Mi denudai e mi sdraiai sul letto col birillo in mano e la mia collega nella testa quando sentii bussare alla porta. Mi infilai i calzoni dal pigiama alla svelta e andai ad aprire un po’ contrariato: chi mai poteva rompere le palle a quell’ora?
Aprii la porta di scatto e mi trovai davanti la collega con tanto di valigia al seguito.
“No, da sola non ci resto in una camera d’albergo: ho paura, io.” e senza attendere la mia risposta entrò in camera trascinandosi dietro,la valigia.
Come un automa richiusi la porta e la osservai mentre metteva la sua valigia sul tavolino della camera e la apriva.
“Scusa ma da sola non ci sto. Metti che mi entri in camera un maniaco, che faccio da sola?”
“E quindi?” domandai e fu tutto quello che riuscii a dire.
“E quindi ho detto al portiere che mi spostavo in camera con te.”
“Ah. ” esclamai.” E se io non fossi d’accordo?”

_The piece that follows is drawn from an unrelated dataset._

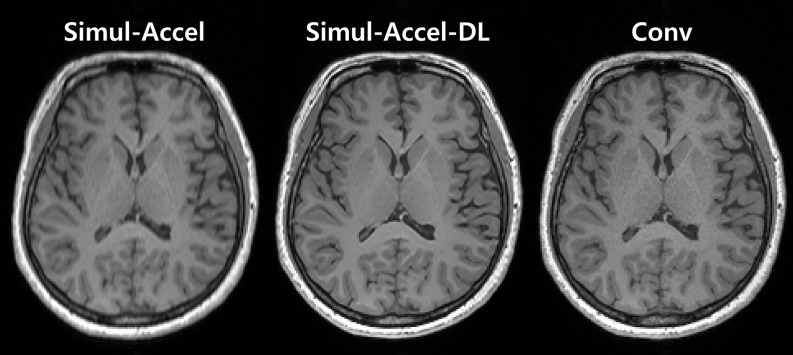 Reliability of brain volume measures of accelerated 3D T1-weighted images with deep learning-based reconstruction.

Mi si avvicinò e mi accarezzò il volto:
“Non ci credo, tu sei così comprensivo. Lasceresti una giovane ragazza da sola esposta al pericolo?”

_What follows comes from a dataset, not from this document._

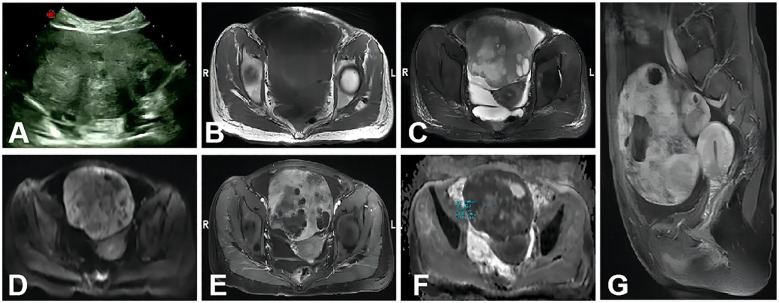 Figure 4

“Non c’è nessun pericolo.” ribattei
“Ok, ma io da sola ho paura, dormo con te.”
“Guarda che io russo come un trattore. ” dissi sperando che la cosa la dissuadesse dai suoi intenti.
“Ho il sonno pesante, non ti sentirò.”
“E poi parlo nel sonno, tanto. ” aggiunsi mentendo.
“E allora ti ascolterò e magari ci facciamo due chiacchiere ‘” e rise.
Si voltò mostrandomi le terga e chiese:
“Mi tiri giù la cerniera del vestito?”
Eseguii come un automa e mentre abbassavo la cerniera, mi resi conto che l a ragazza non portava il reggiseno.
“Grazie” disse e si sfilò il vestito restando in mutandine e calze autoreggenti. Si voltò e potei così ammirare i sui seni sodi e ben fatti.
“E se il maniaco fossi io?” dissi fissando palesemente i seni dalla ragazza e mentre la fronte mi s’imperlava di sudore.
Lei sorrise:
“Non faresti del male a una mosca tu, lo so.” poi aggiunse.
“Vado in bagno a lavarmi i denti, torno subito.”
Dopo poco infatti era di ritorno e con mia sorpresa vidi che si era tolta anche le mutandine.
“Se sei d’accordo possiamo avvicinare i due letti così siamo più comodi ‘”
Mi avvicinai a lei e le presi la testa tra le mani e la baciai sulla bocca. Lei per tutta risposta socchiuse le labbra e fece guizzare fuori la lingua in cerca della mia. Cademmo sul letto e fu lei a sfilarmi i calzoni del pigiama per poi prendermi l’uccello tra le labbra e succhiarmelo e leccamelo per un bel po’.
Poi si pose su di me a cavalcioni e guidò la mi asta a penetrare il suo sesso. Condusse il gioco per un po’ muovendo su e giù il bacino lentamente e intanto ci baciavamo con passione. Le mie mani le tormentavano i seni e sentivo il suo respiro farsi più affannoso. D’un tratto si staccò da me, si distese sul letto e allargò le gambe:
“Dai, scopami tu'” disse
Le fui sopra in un attimo e la penetrai con decisione prendendo a scoparla con foga. Ad ogni mio affondo i seni le danzavano graziosamente su e giù e quello spettacolo mi eccitava ancor più.
Al culmine dell’eccitazione sfilai il pene da lei e lo puntai sul suo ano spingendo lentamente. Mi guardò con gli occhi spalancati:
“Che intenzioni hai?” chiese con voce rotta.
“Indovina?.” risposi e spinsi più a fondo. Le sue mani si aggrapparono alle lenzuola.
In poco tempo fui in lei con tutta la mia asta e stantuffavo con foga. La ragazza teneva gli occhi chiusi e si mordeva il labbro. Non capivo se stesse soffrendo o godendo, in quei momenti le espressioni sono le stesse sia del dolore sia del piacere.
Raggiunsi l’orgasmo e mi scaricai in lei. Nel sentirmi godere la giovane raggiunse a sua volta l’orgasmo e inarcando il corpo gemette dal piacere.
Restammo così l’uno dentro l’altra ancora per un bel po’ e quando il respiro tornò a entrambi normale ci separammo.

Fu una settimana intensa quella, sia lavorativamente parlando, sia a letto in camera alla sera.
Tornati in ditta il mio capo volle sapere da lei come fosse andata e che ne pensasse dell’esperienza fatta.
Indicandomi con un gesto della testa e fissandomi negli occhi disse la nostro capo:
“Mi ha fatto il culo ma ho imparato tanto.”
“Immagino, sul lavoro è un tipo esigente'” disse il capo.
Dovetti andarmene per non ridergli in faccia.